[Records from a collection]

__________________________________________________

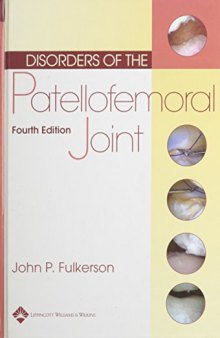 Disorders of the patellofemoral joint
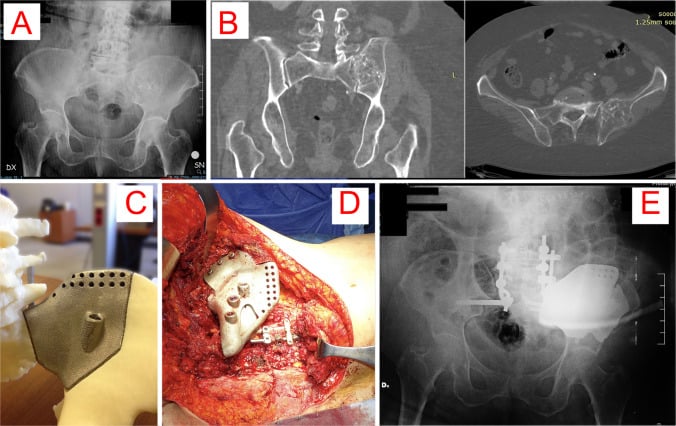 Five panels, A to E: pelvic radiograph, coronal and axial CT, custom implant on a pelvic model, operative view and postoperative radiograph of a custom sacroiliac reconstruction with lumbopelvic screws and rods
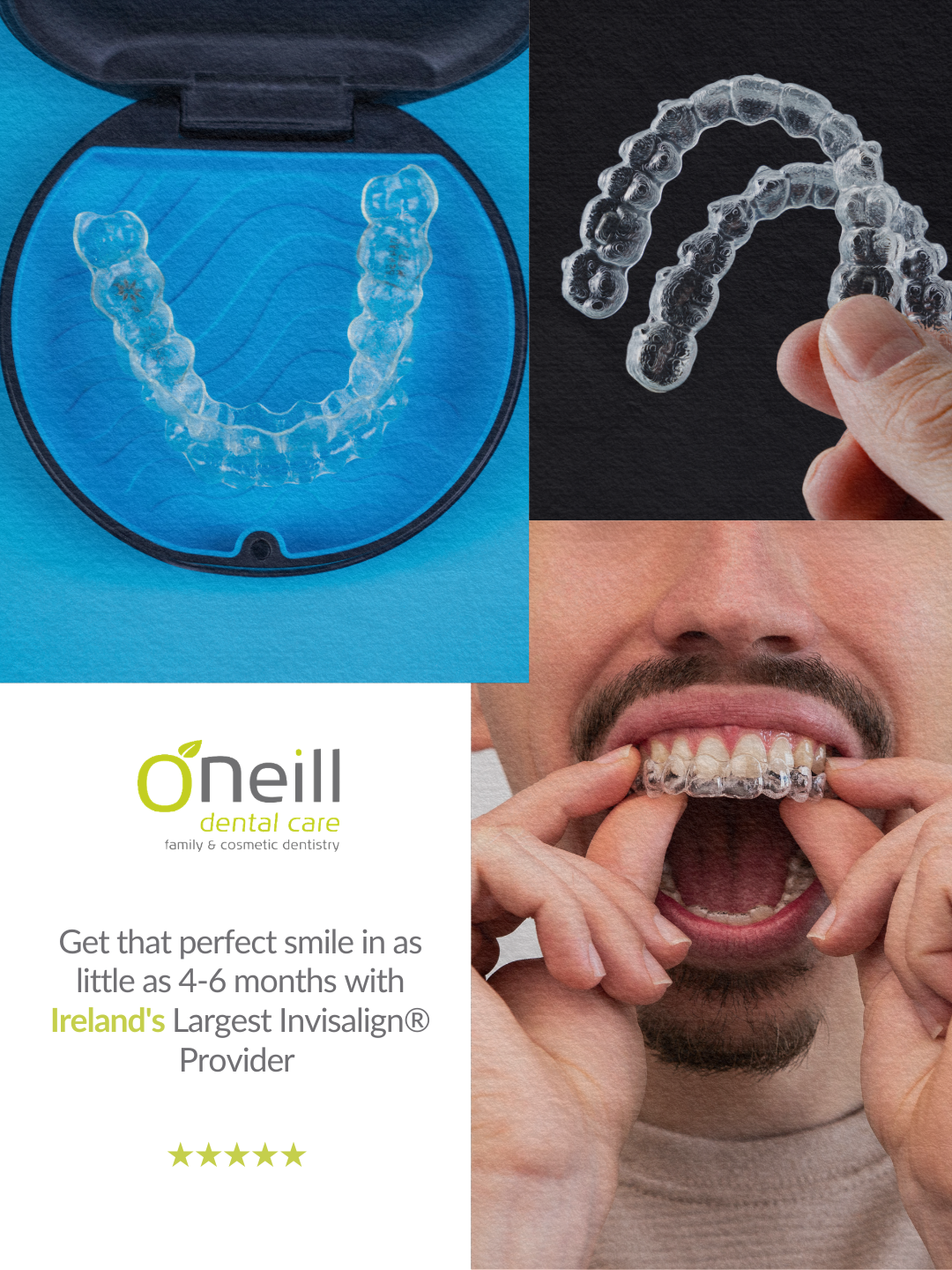 O'Neill Dental Care Swords Facebook ad from Feb 17, 2026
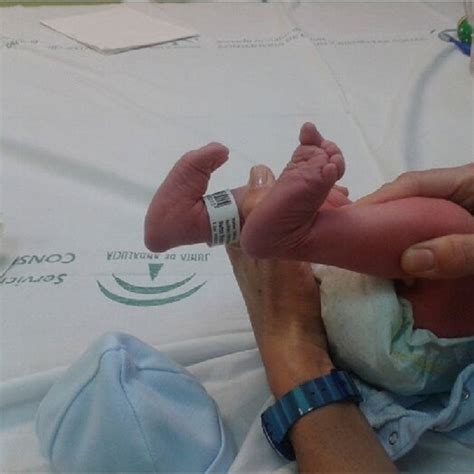 Newborn with bilateral congenital vertical talus | Download Scientific ...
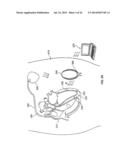 LEADLESS CARDIAC STIMULATION SYSTEMS diagram and image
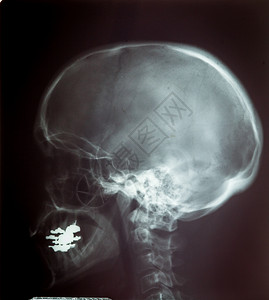 用电脑人体头骨X光胶片背景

__________________________________________________

What you need to do: Reproduce the data above exactly, leaving each picture out.

Result of this exercise:
 Disorders of the patellofemoral joint
 Five panels, A to E: pelvic radiograph, coronal and axial CT, custom implant on a pelvic model, operative view and postoperative radiograph of a custom sacroiliac reconstruction with lumbopelvic screws and rods
 O'Neill Dental Care Swords Facebook ad from Feb 17, 2026
 Newborn with bilateral congenital vertical talus | Download Scientific ...
 LEADLESS CARDIAC STIMULATION SYSTEMS diagram and image
 用电脑人体头骨X光胶片背景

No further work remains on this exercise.